### DATA EXTRACT
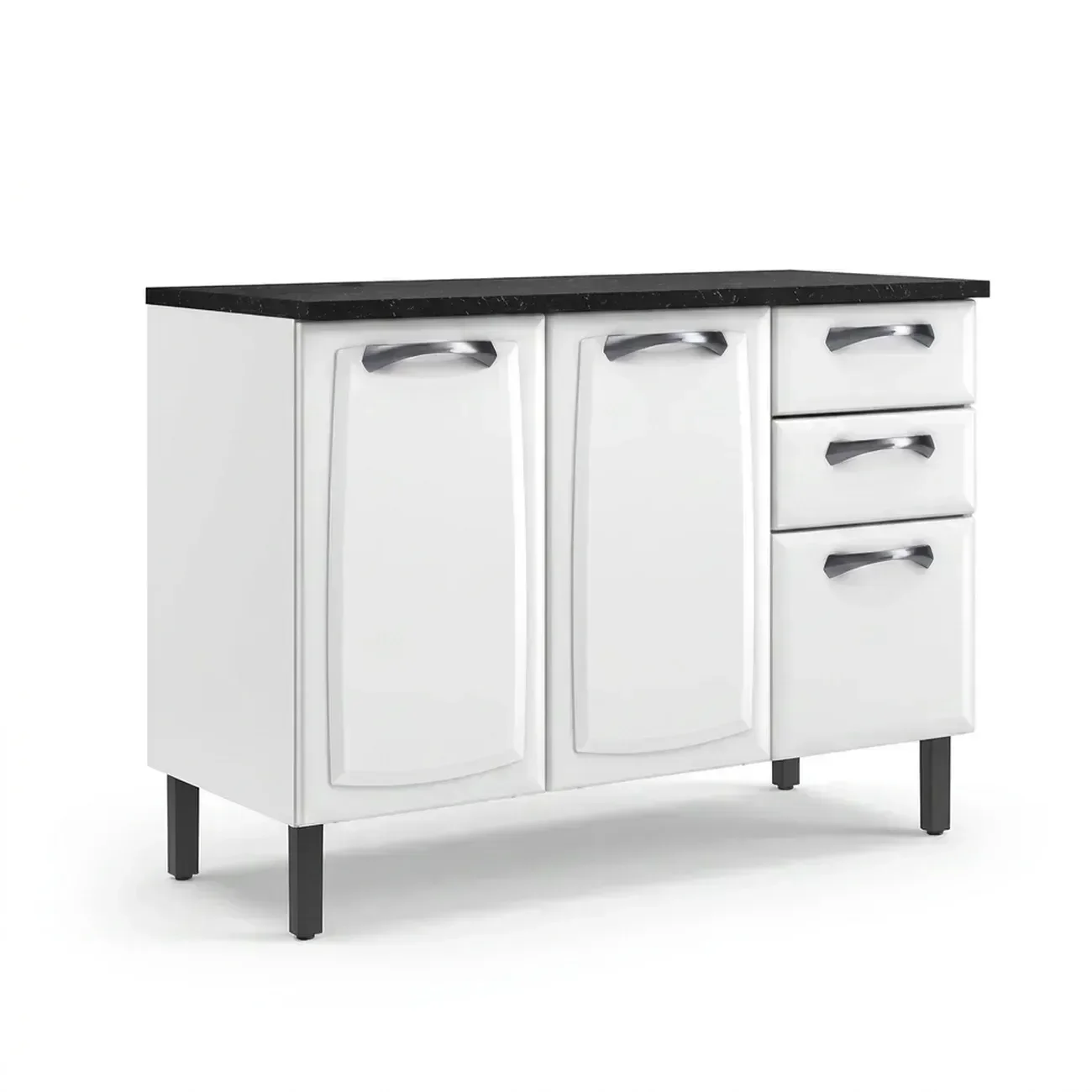 Ver imagem 3 de Balcão de Cozinha em Aço 3 Portas e 2 Gavetas com Tampo 120cm New Premium Itatiaia Branco
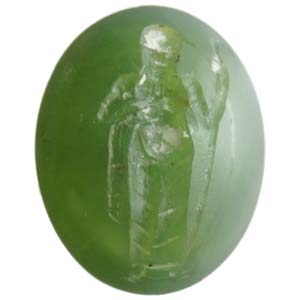 Intaglio of male figure with spear on green ... 
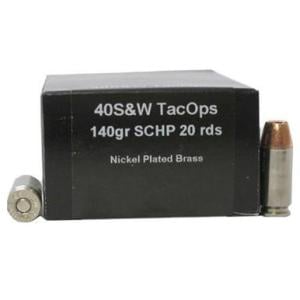 PNW Arms TacOps Ammo .40 S&W 140 Grain Copper HP 20 Rounds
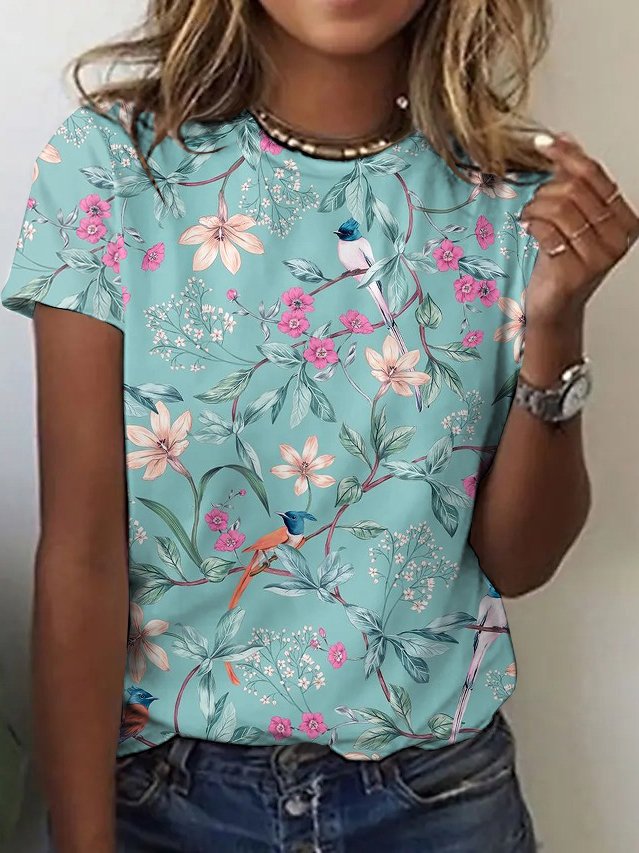 Casual Crew Neck Cotton T-Shirt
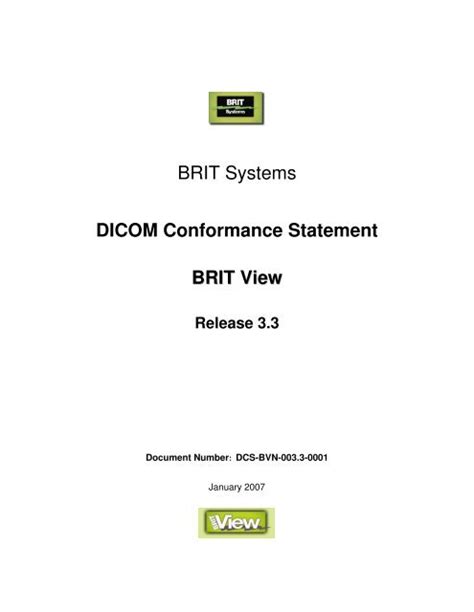 Brit Systems Dicom Conformance Statement Brit View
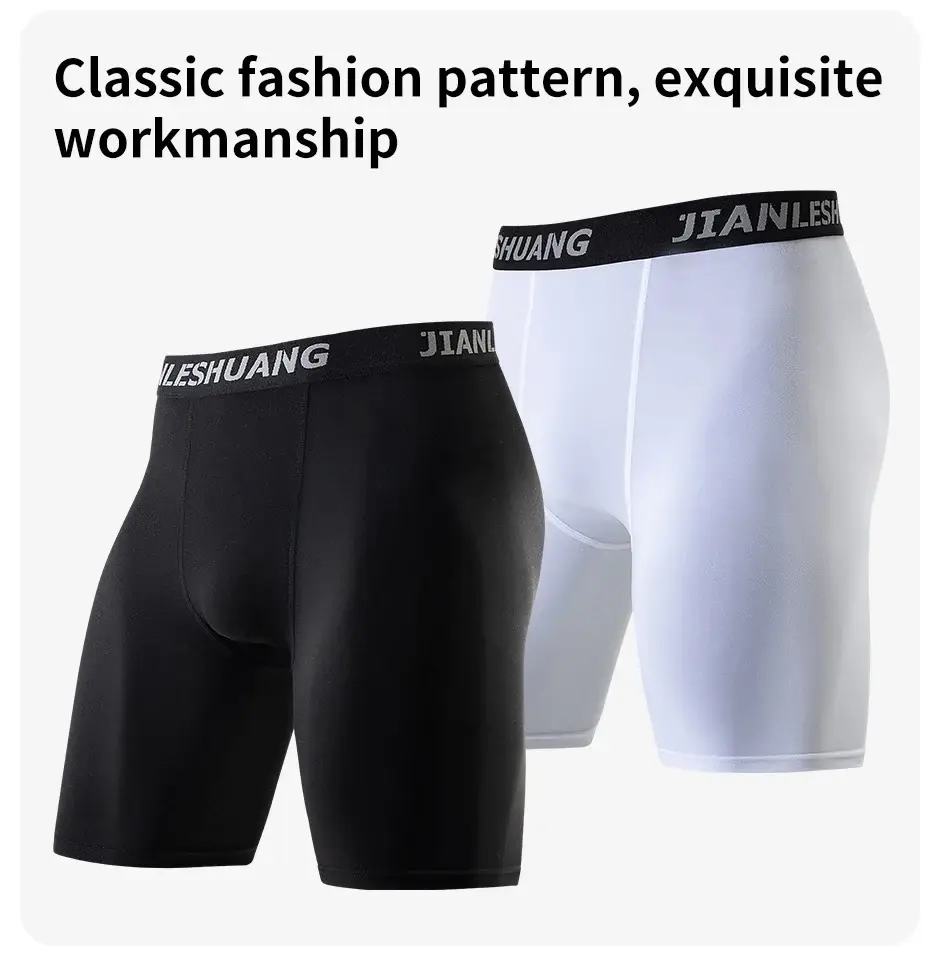 5/10 Piece Set Of Men's Solid Color Classic Long Underwear Quick Drying Youth Sports Comfortable Elastic Casual Boxer Shorts — image 1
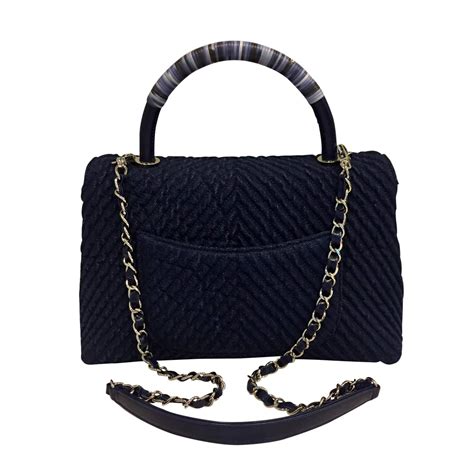 navy blue chanel purse|Chanel blue jean bag.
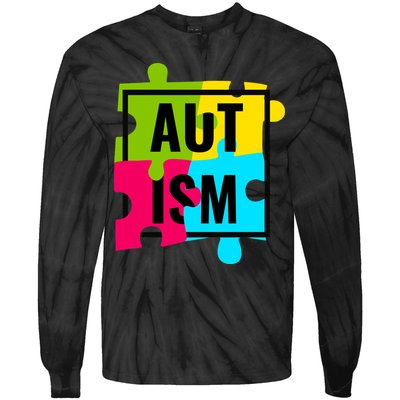 Autism Awareness Puzzle Pieces Tie-Dye Long Sleeve Shirt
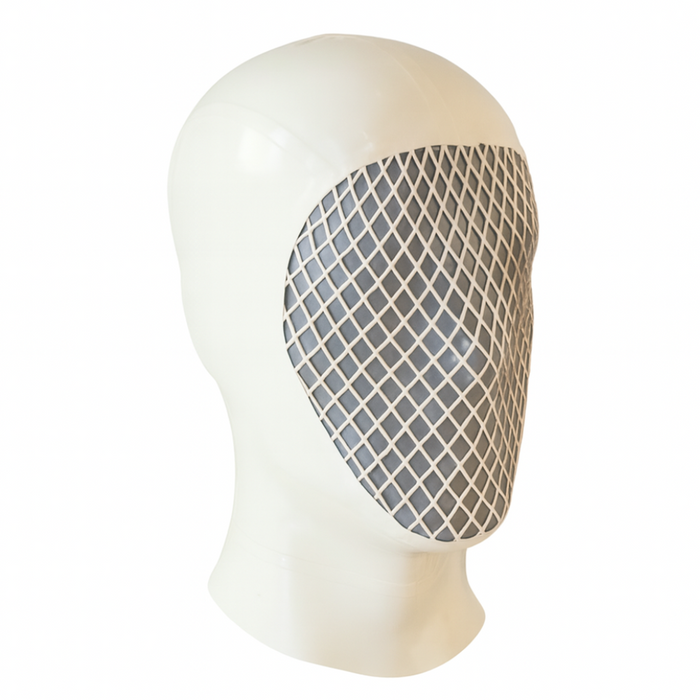 Fishnet Mask READY TO SHIP - Small 21" / 13" / White Womens - Vex Inc. | Latex Clothing
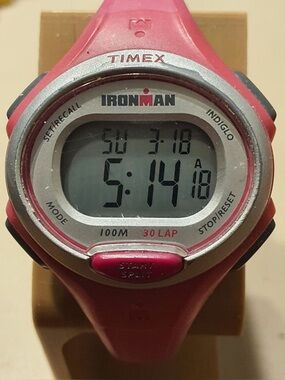🦋10/$20🦋 Timex Ironman Silver/Pink 30 Lap Digital Alarm Chrono Women's Watch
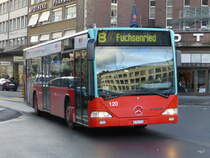VB Biel - Mercedes Citaro Nr.120  BE  560120 unterwegs auf der Linie 8 in der Stadt Biel am 20.12.2014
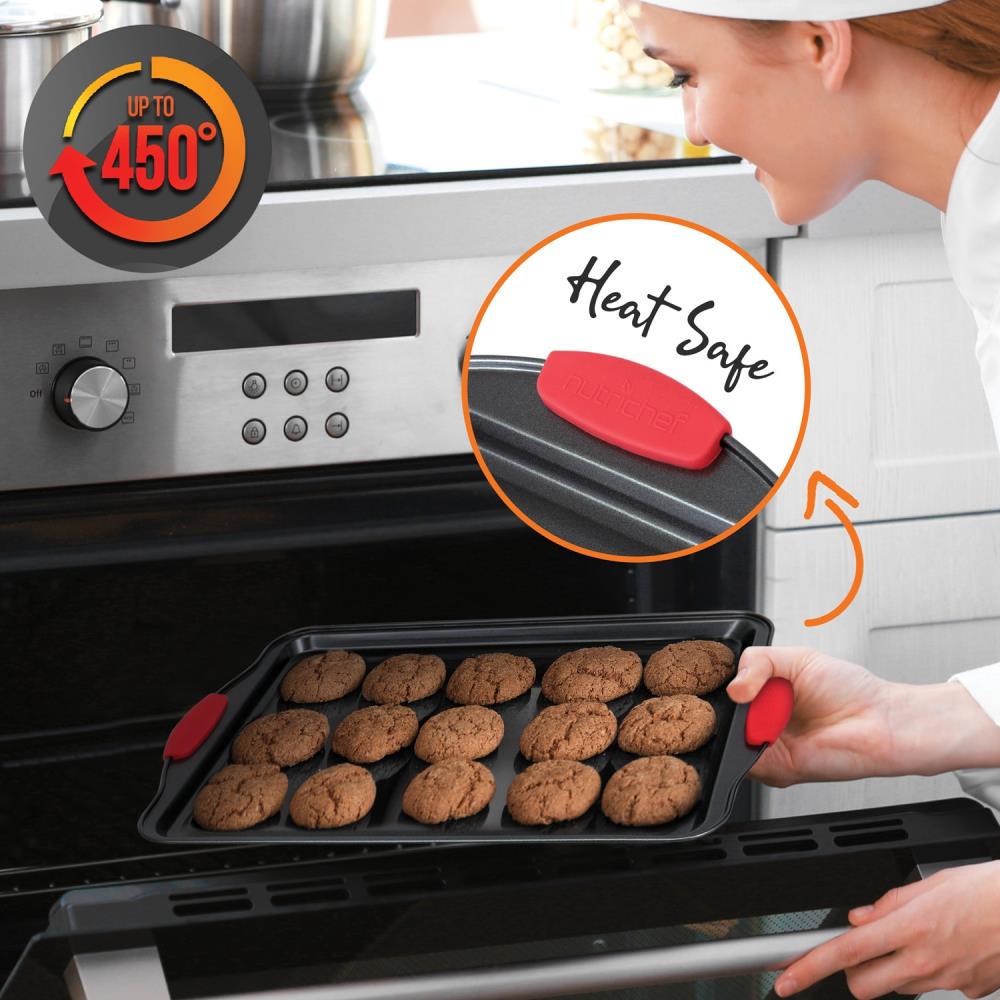 NutriChef Nonstick Cookie Sheet Baking Pan - 3pc Metal Oven Baking Tray,  Professional Quality Kitchen Cooking Non-Stick Bake Trays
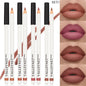 Blushimmer 4-piece waterproof lip liner and lipstick set, featuring 2-in-1 eyeliner and lip color in sleek packaging.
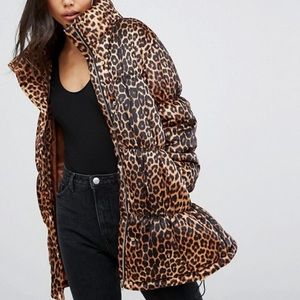Leopard Print Puffer Jacket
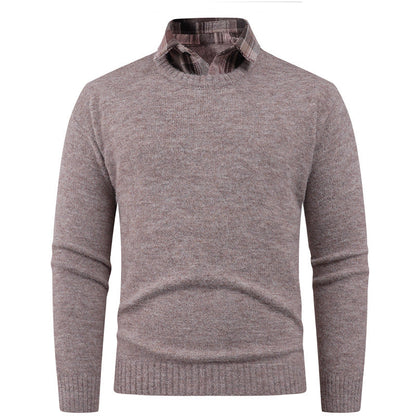 Herren Pullover Rundhals Fein mit Hemdkragen Modern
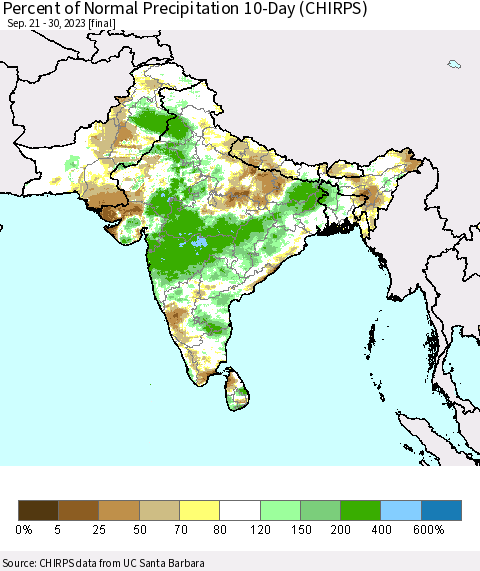 Southern Asia Percent of Normal Precipitation 10-Day (CHIRPS) Thematic Map For 9/21/2023 - 9/30/2023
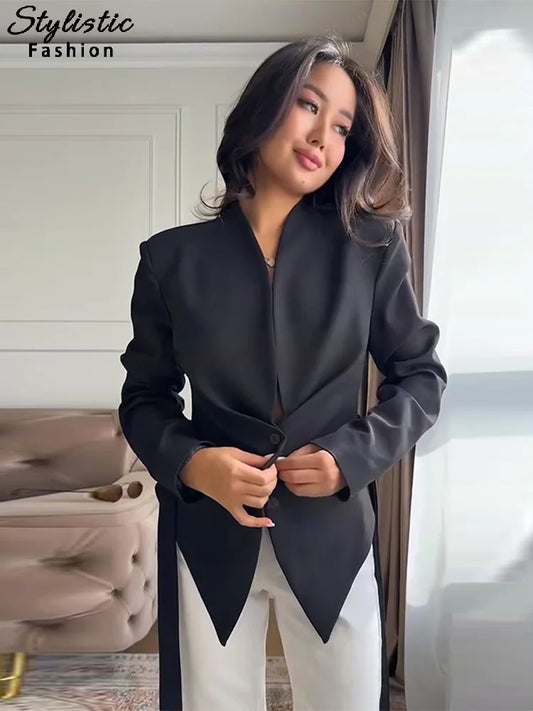 Casual Lace Up Asymmetrical Blazer Women Solid V-neck Single Breasted Full Sleeve Jacket Female Fashion Spring Lady Coat 2026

### TASK ITEM
All the lines above need to be repeated exactly, with no pictures carried over.

### SOLVED PROBLEM
 Ver imagem 3 de Balcão de Cozinha em Aço 3 Portas e 2 Gavetas com Tampo 120cm New Premium Itatiaia Branco
 Intaglio of male figure with spear on green ... 
 PNW Arms TacOps Ammo .40 S&W 140 Grain Copper HP 20 Rounds
 Casual Crew Neck Cotton T-Shirt
 Brit Systems Dicom Conformance Statement Brit View
 5/10 Piece Set Of Men's Solid Color Classic Long Underwear Quick Drying Youth Sports Comfortable Elastic Casual Boxer Shorts — image 1
 navy blue chanel purse|Chanel blue jean bag.
 Autism Awareness Puzzle Pieces Tie-Dye Long Sleeve Shirt
 Fishnet Mask READY TO SHIP - Small 21" / 13" / White Womens - Vex Inc. | Latex Clothing
🦋10/$20🦋 Timex Ironman Silver/Pink 30 Lap Digital Alarm Chrono Women's Watch
VB Biel - Mercedes Citaro Nr.120  BE  560120 unterwegs auf der Linie 8 in der Stadt Biel am 20.12.2014
 NutriChef Nonstick Cookie Sheet Baking Pan - 3pc Metal Oven Baking Tray,  Professional Quality Kitchen Cooking Non-Stick Bake Trays
 Blushimmer 4-piece waterproof lip liner and lipstick set, featuring 2-in-1 eyeliner and lip color in sleek packaging.
Leopard Print Puffer Jacket
 Herren Pullover Rundhals Fein mit Hemdkragen Modern
 Southern Asia Percent of Normal Precipitation 10-Day (CHIRPS) Thematic Map For 9/21/2023 - 9/30/2023
 Casual Lace Up Asymmetrical Blazer Women Solid V-neck Single Breasted Full Sleeve Jacket Female Fashion Spring Lady Coat 2026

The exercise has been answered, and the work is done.